Emigration Canyon is the only one that can be ridden as a loop on a road bike. Go to the top, continue down, turn right and when you hit I-80 head West until you get back to Salt Lake City, then take the Foothill Drive exit and continue North back to the University. I really wouldn't recommend it though. Some people do it, but the I-80 stretch looks awful to me - cars and trucks at high speed and lots of debris in the shoulder. 

Ride Emigration to the top - if you want to go further continue down and turn left at the intersection, then on to Big Mountain Pass. Then come back the same way. It'll be about 34 miles with about 3000 feet of climbing. The downhill from Big Mt. Pass is steep and twisty - you will get cold so be prepared. I just did this ride last Saturday and it wasn't too bad, but it was about 20 degrees warmer than today. 

Don't expect to see too many cyclists now - the cold weather has gotten rid of most of them. Also - from the intersection to Big Mt. Pass it was almost deserted - I think I only saw about six cars on the way up on Saturday.


----------



## cbass94 (May 19, 2004)

Yeah, it's starting to get pretty sparse as far as the cyclists go. You may see me on my way to school, but I don't see too many others anymore.

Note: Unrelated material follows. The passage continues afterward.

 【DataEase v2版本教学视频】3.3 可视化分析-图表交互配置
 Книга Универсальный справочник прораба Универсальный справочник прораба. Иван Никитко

Emigration canyon is a good ride, but I don't know how much longer they keep the gate that leads up to Big Mountain open, I know they're going to close it pretty soon though for winter. For the winter riding, I generally stay in the city on some of the bike paths that criss cross the city. It offers good flat riding where I can really work on specific types of riding, i.e. intervals, longer and slower rides, etc. It might be a good idea to check out this website to see the different designated bike lanes...

http://www.slcgov.com/transportation/BicycleTraffic/PDF_Folder/SLCbikes_Figure4-1.pdf or this one for more information
http://www.slcgov.com/transportation/BicycleTraffic/default.htm

I wish my website was up and running right now, but I'm having some technical difficulties. It's a listing of rides in the area with directions, pictures, etc. I'll try to get it back up as soon as possible and pass it on to you. It's www.intermountaincycling.com keep an eye out for it to come up again.


----------



## cbass94 (May 19, 2004)

In case you're interested, I have my website partially up and running again if you want to check it out for some info. The link is in the post above.


----------



## johngfoster (Jan 14, 2005)

cbass, thanks for the update on your site. It is exactly what I was looking for--very informative.

Got a double pinch-flat yest. pm while coming down Emigration canyon. As soon as I can get new tubes, I'd be game for a ride. Let me know or PM me if you're interested.

Thanks, 

John


----------



## cbass94 (May 19, 2004)

John,
I'd totally be down for a ride this week sometime. I'll have to fit it between school and work, but that's the way it always is, right? =) I PM'd you my email address and I think it's also list ed in one of the previous posts. Shoot me off an email and we'll work out a time this week, Saturday if need be too. It would be good to meet you and show you around a little bit. If you need a tube, there are a couple of great shops nearby. Cyclesmith is right up next to the U campus, it's about 250 S. 1300 E. And then there's a more road specific shop called Contender Cycles on the corner of 900 S. 900 E. They carry the real high end stuff and are probably a little more pricey, but it's a really nice shop. Both are very good ones though.


----------